Monday, December 10, 2007

Re: One Laptop Per Child Doesn't Change the World

I pretty much disagree with your view:

If you look at OLPC as an attempt to save the world, then of course, it won't. But if you see it as an innovative way to approach a number of educational deficiencies in a lot of developing nations, helping educated children learn and use computers and the internet, then I think it is very good.

I live and work in a developing nation that has millions of hungry children, but has millions more who eat enough and go to school regularly, but their families cannot even begin to consider purchasing a computer. There are others who are able to save up enough money to buy a 5 year old, "thrown away" desktop computer from Europe or the US for $100 which is guaranteed to work in the shop, but may break in 1 day. These used computers can be fine computers, but can also be expensive paperweights for a family that makes less than $100 per month (family may mean multiple married brothers and their children living in the same compound).

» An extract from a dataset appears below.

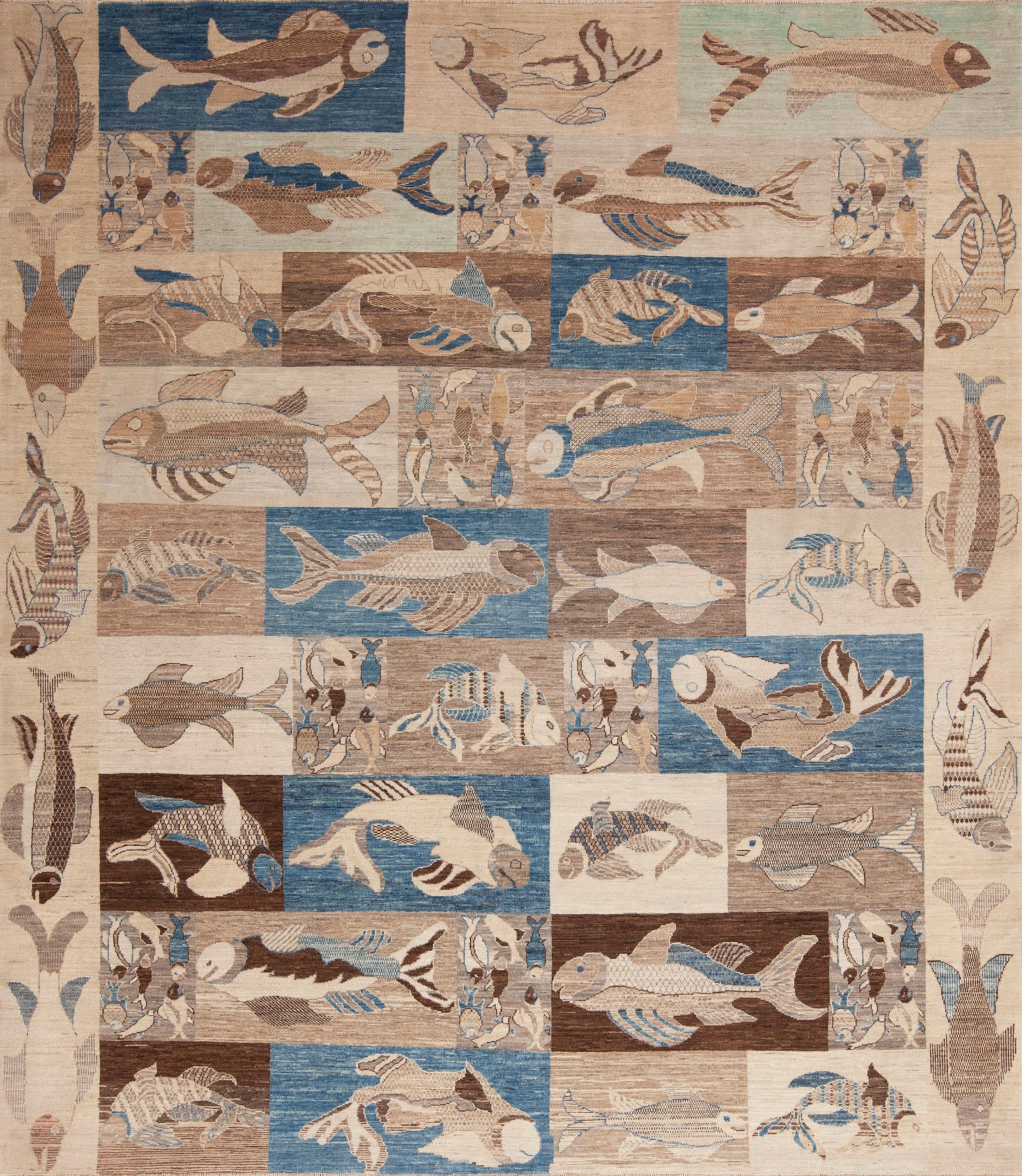 Hand-Knotted Nazmiyal Collection Artistic Aquatic Fish Pattern Modern Area Rug 8'4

These computers also use a lot of expensive electricity which may not work everyday.

I really don't know about the motives and real desires of all involved in OLPC project, but I do know that it is can meet a felt need in many places like where I live in South Asia. With it's power saving features, unique interaction with wireless networks, and low costs (among other things), it has the potential to be a very big advantage to the educated, but non-malnutritioned, children.

I have watched government and international money for food fall right into a black hole with no long term advantage (or often without any short-term value). So if you think giving money that could be diverted from a missile is a solution, then you haven't worked in the developing world. At least with OLPC, there is a physical asset that will be of value for several years, even if it doesn't meet it desired goal.